Vor einiger Zeit habe ich das Buch „Allgemeine Didaktik. Ein erziehungstheoretischer Umriss“ von Rotraud Coriand gelesen (Kohlhammer Verlag 2015). Von besonderem Interesse war für mich, wie die Autorin die Allgemeine Didaktik konzipiert und in den erziehungs- und bildungswissenschaftlichen Gesamtzusammenhang einordnet, denn: Auch die Hochschuldidaktik ist in weiten Teilen eine allgemeine Didaktik; die Auseinandersetzung mit eben dieser scheint mir daher ganz besonderes wichtig zu sein.
Vorweg: Das Buch fällt aus dem Rahmen im Vergleich zu anderen Büchern zur Allgemeinen Didaktik (z.B. das von Kron oder von Terhart). Coriand – das zeigt ein Blick in das Publikationsverzeichnis – ist Expertin für Johann Friedrich Herbart und leitet auch ihre Vorstellungen von Allgemeiner Didaktik aus dieser für die Pädagogik wichtigen historischen Person und ihren „Schülern“ ab.

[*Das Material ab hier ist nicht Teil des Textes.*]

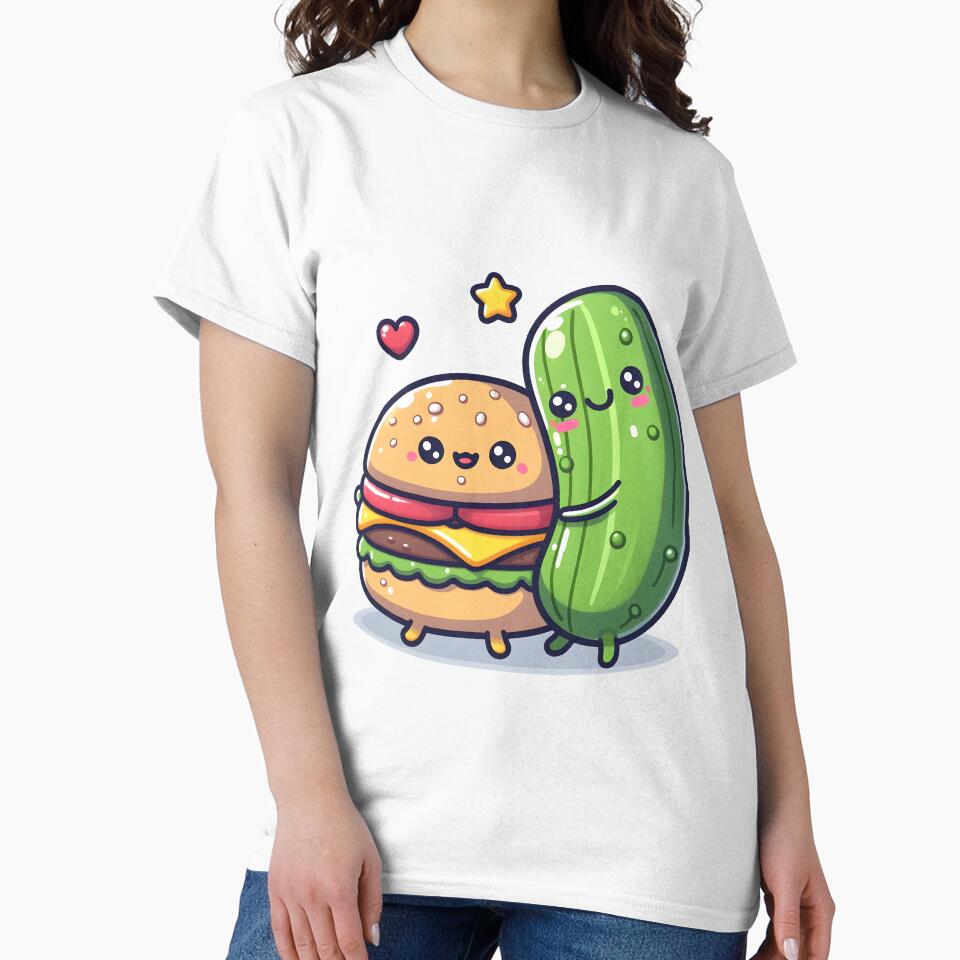 Kawaii Burger Hugging Pickle by CanvasCutie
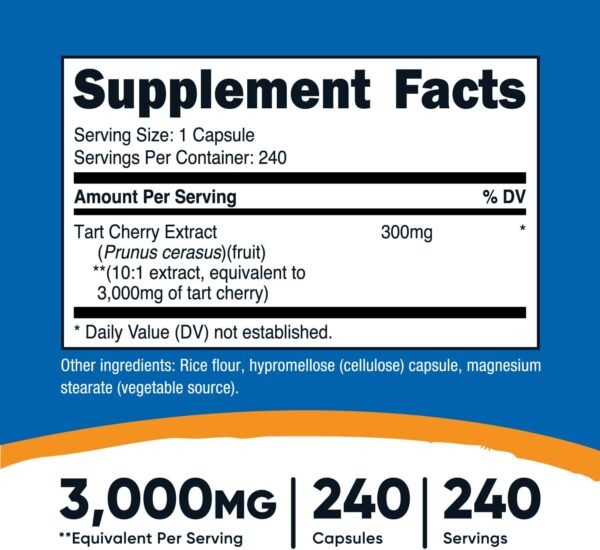 Nutricost Tart Cherry Extract 3000mg Equivalent (from 300mg of 10:1 Extract), 240 Vegetarian Capsules - Gluten Free, Non-GMO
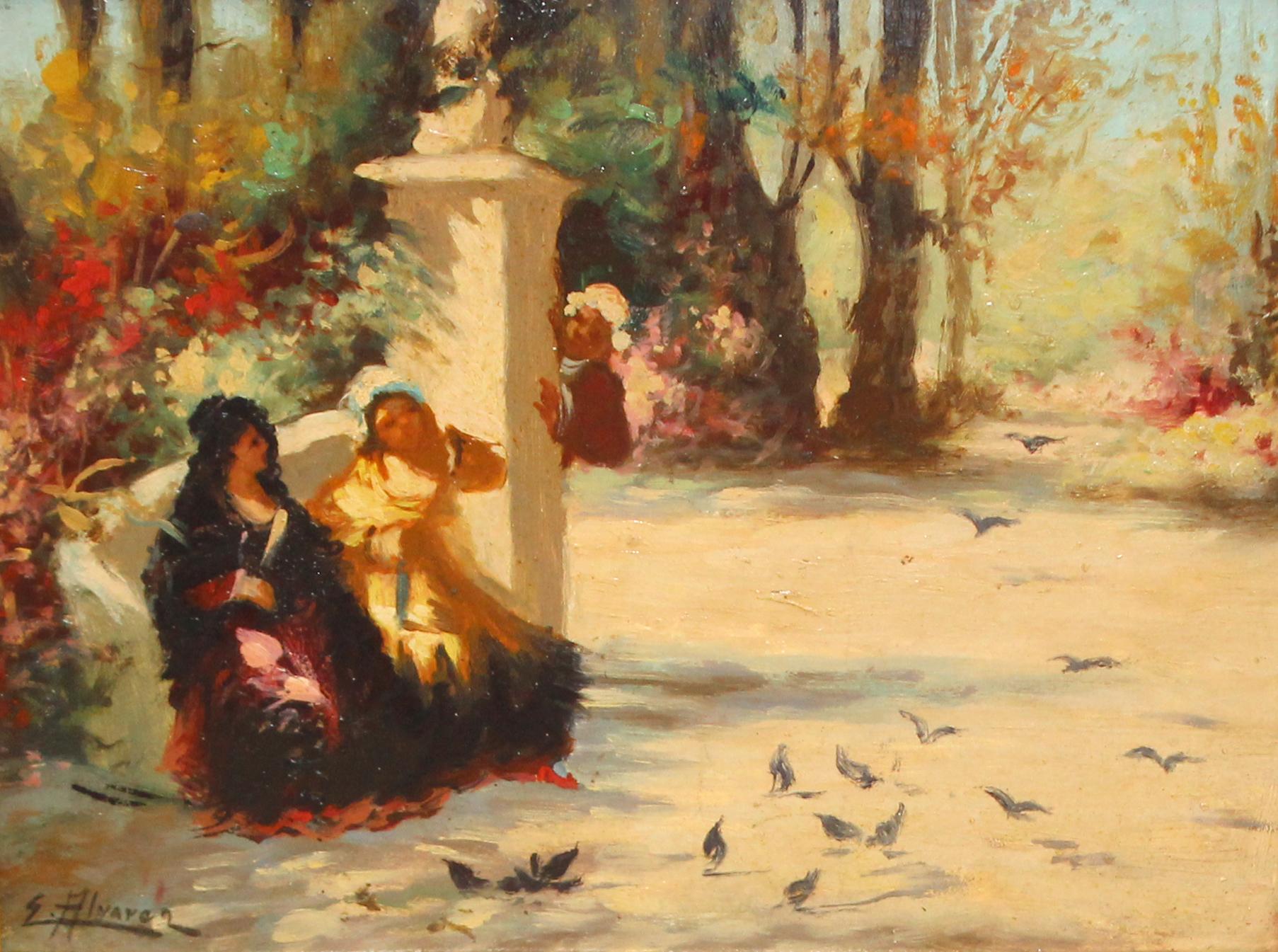 Emilio Alvarez Diaz Figurative Painting – „Intimate Conversations“ – Ölgemälde auf Holztafel, gerahmt, signiert, 1930er Jahre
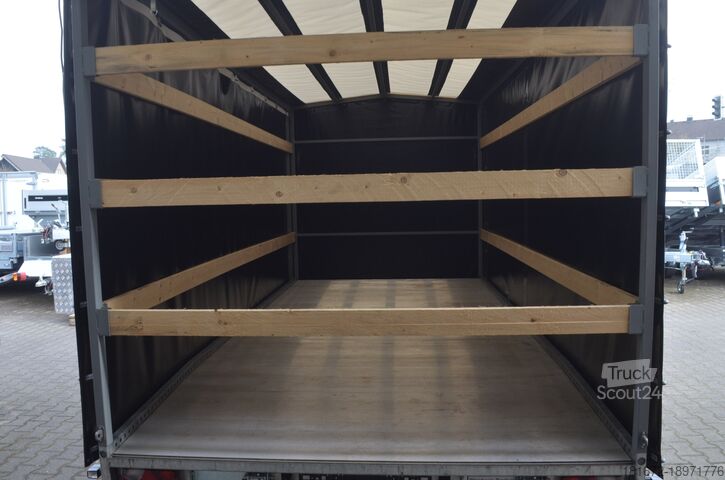 Rimorchio per trasporto auto con telone Hulco 3000 Kg Autotransporter 440x207x200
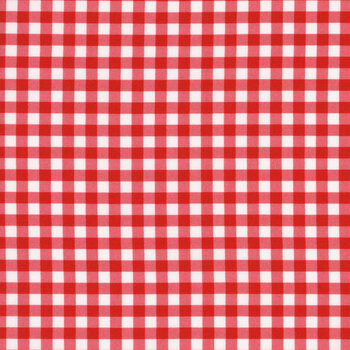 Essentials Gingham 39162-133 White / Red by Wilmington Prints, Image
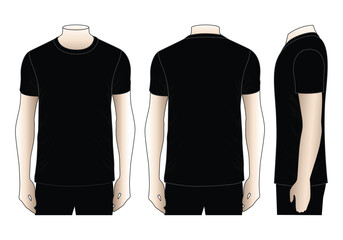 Blank Black Short Sleeve T-Shirt Template on White Background.Front, Back and Side View, Vector File.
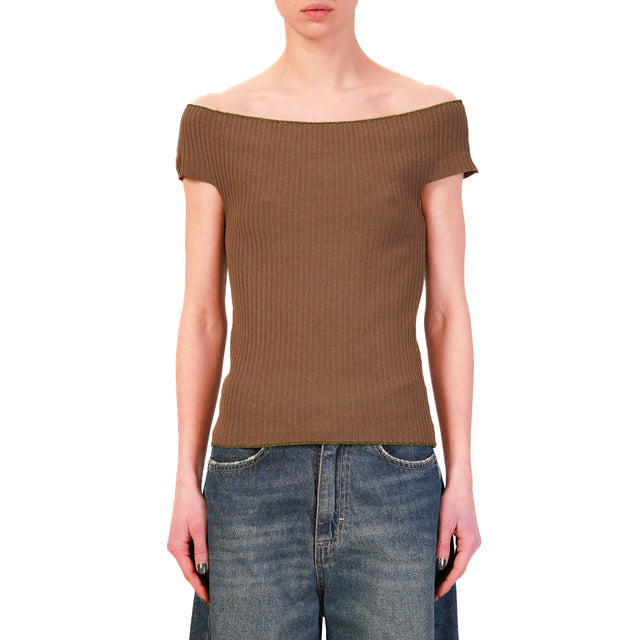 Tensione in-Maglia shiffer bordi lurex - cacao/oliva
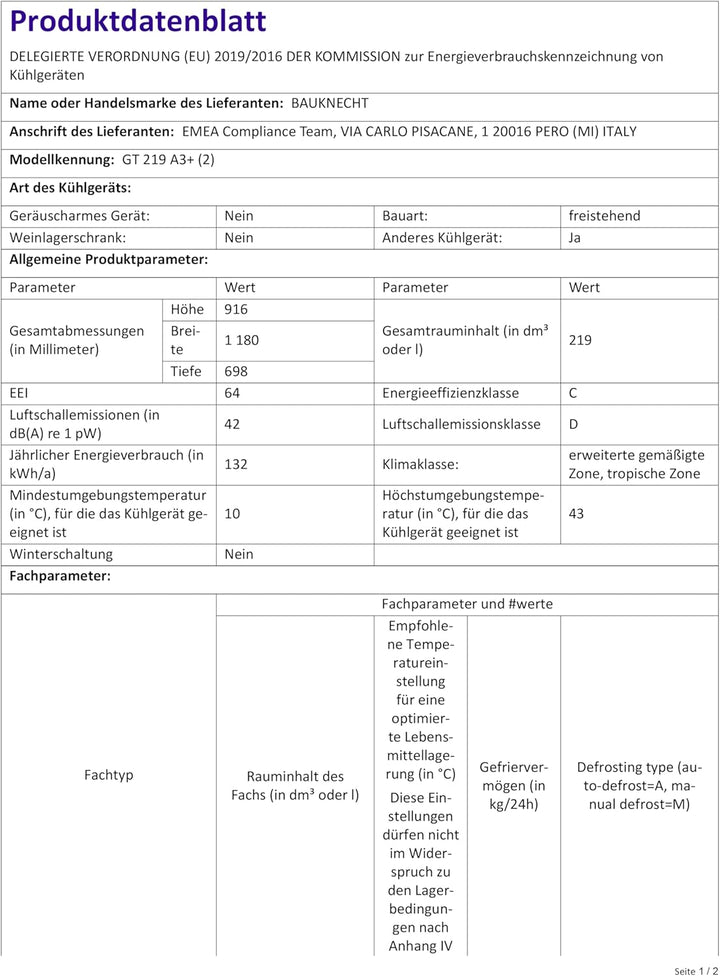 Bauknecht GT 219 A3+ Gefriertruhe/ Gefrieren: 215 L/ Supergefrieren/ SapceMax/ Innenbeleuchtung/ ECO Energiesparen/ Kindersicherung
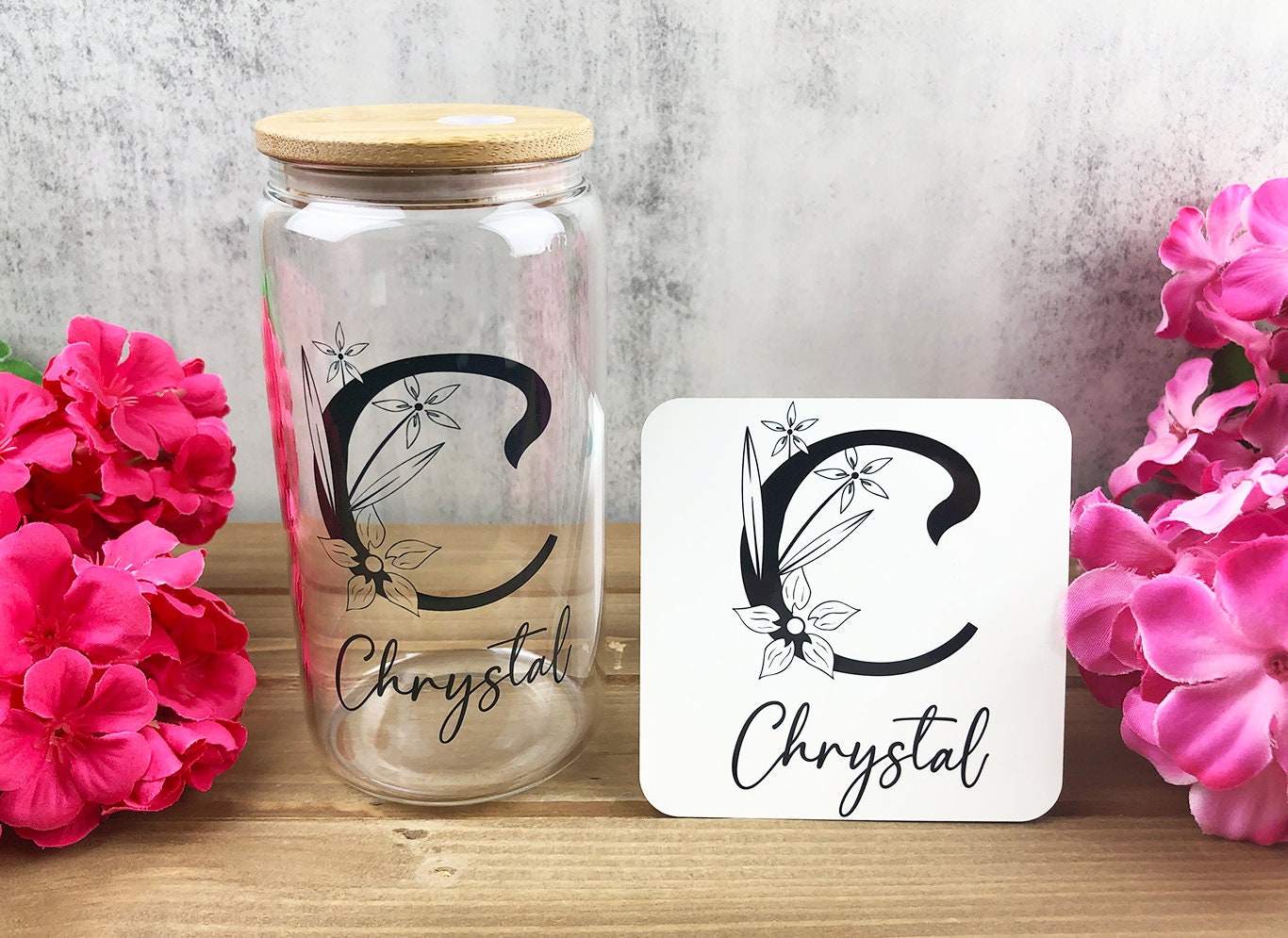 Personalized Glass Tumbler With Wood Lid Bridesmaid Custom Etsy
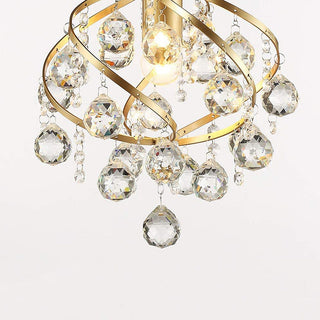 Retro Glass Ceiling Light - Luxury Spiral Crystal Fixture for Dining Room
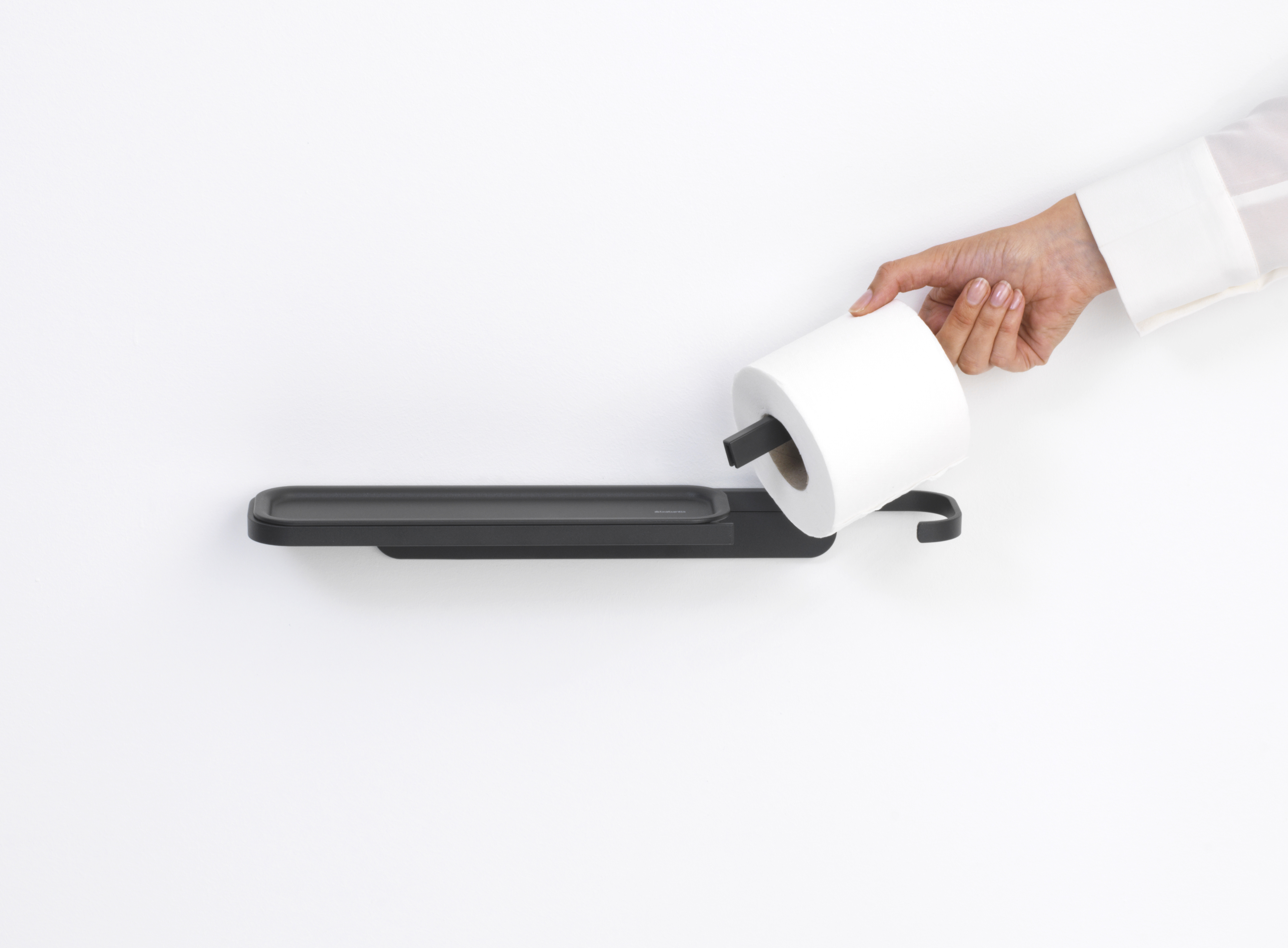 Brabantia MindSet uchwyt na papier toaletowy z półką grafit 303128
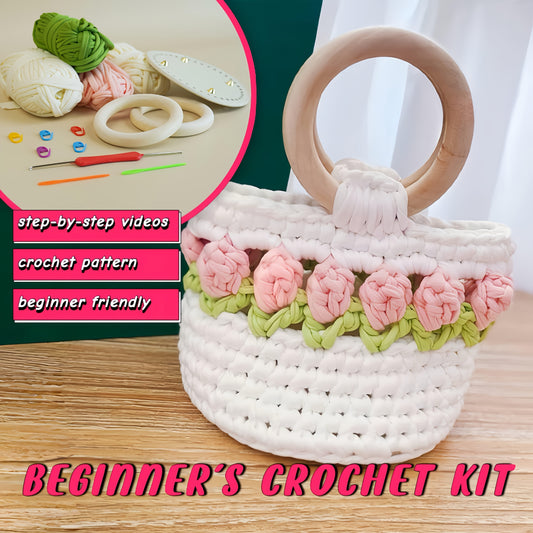 Tulip Crochet Handbag Kit With Wooden Handles And Yarn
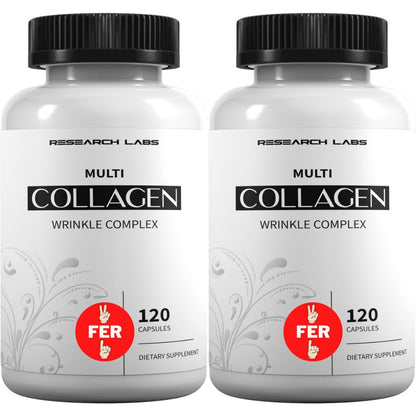 Research Labs 2 for 1 Promo 240 Collagen Pills - 6000 mg Per Day. Grass Fed Anti-Aging Support for Skin, Joints, Tendons, Bones, Hair and Nails. - Maple Wellness Supplements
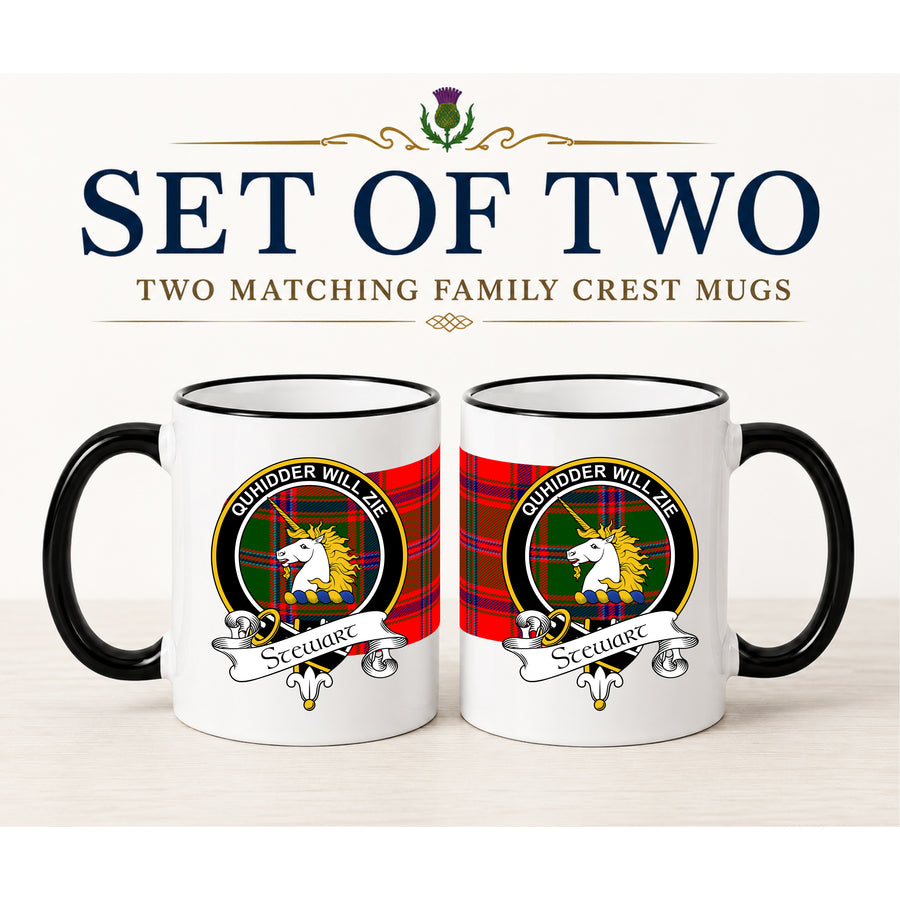 Stewart Scottish Clan Crest 11 oz Mugs – Black Crest Design | Set of 2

Hängen geblieben bin ich vor allem bei einem dieser Schüler, nämlich bei Otto Willmann (1839-1920).
Willmann argumentiert stellenweise ähnlich wie Klaus Prange (in seiner operativen Pädagogik) und versteht aber vor allem die Didaktik als eine eigenständige Bildungswissenschaft. Für die Hochschuldidaktik ist dieser historische Vorstoß interessant, weil eine Eingliederung in die Erziehungswissenschaft an vielen Stellen immer noch Probleme bereitet. Willmann untersuchte zu seiner Zeit auch schon die Beziehung der Allgemeinen Didaktik zu den Fachwissenschaften und Fachdidaktiken und bemühte sich darum, eine individuelle und eine soziale Sicht auf das Verhältnis von Lehren und Lernen (= Gegenstand der Didaktik) zu etablieren. Die Inhalte der Didaktik als Wissenschaft sind laut Willmann (a) die Prinzipien der Inhaltsauswahl und -verbindung, (b) die sachlogische Strukturierung des Lernprozesses und (c) die Art und Weise der Vermittlung (Coriand, 2015, S. 29 f.); als Ziel gehe es am Ende vor allem darum, das Denken zu lehren. Laut Coriand eröffnet Willmanns Ansatz einen Weg aus der schulpädagogischen Engführung hin zu einer Allgemeinen Didaktik im eigentlichen Sinne. Und eine solche sei auch dringend nötig. So gesehen kann man Willmann als eine Art Begründer der Hochschuldidaktik sehen, zumal da er auch für eine Verbindung von Forschungsmethoden und Lehrmethoden plädierte (und das Anfang des 20. Jahrhunderts).
Was ist noch über das Buch zu sagen? Coriand strukturiert es nach einführenden Kapiteln anhand von drei Ebenen der Theoriebildung in Anlehnung an Erich Weniger, wobei keine der Ebenen theoriefrei existiere: Theorien ersten Grades umfassen die subjektiven, persönlichen Theorien, die jemand hat, um praktische pädagogische Anforderungen zu bewältigen. Theorien zweiten Grades haben Konzeptcharakter und umfassen entsprechend auch Einsichten, Regeln, Erfahrungssätze. Theorien dritten Grades sind – um es plakativ zu sagen – Theorien des Theoretikers. Mir kommt diese Einteilung ähnlich vor wie Flechsigs Unterscheidung von Praxisbeschreibungen (Theorien ersten Grades), Unterrichtsmodelle (Theorien zweiten Grades) und Kategorial-Modelle (Theorien dritten Grades).
Was Coriands Buch aus meiner Sicht vorrangig lesenswert macht, ist der Versuch einer Emanzipation der (Allgemeinen) Didaktik als einer eigenen Wissenschaft. Auch wenn sie nicht so weit wie Willmann zu gehen scheint, plädiert sie doch ganz deutlich für eine Befreiung der Didaktik aus den Fängen der Schulpädagogik. Mir persönlich ist Willmanns weitergehendes Konzept sehr sympathisch, scheint es mir doch gerade für die Hochschuldidaktik ein geeignetes Vorbild zu sein.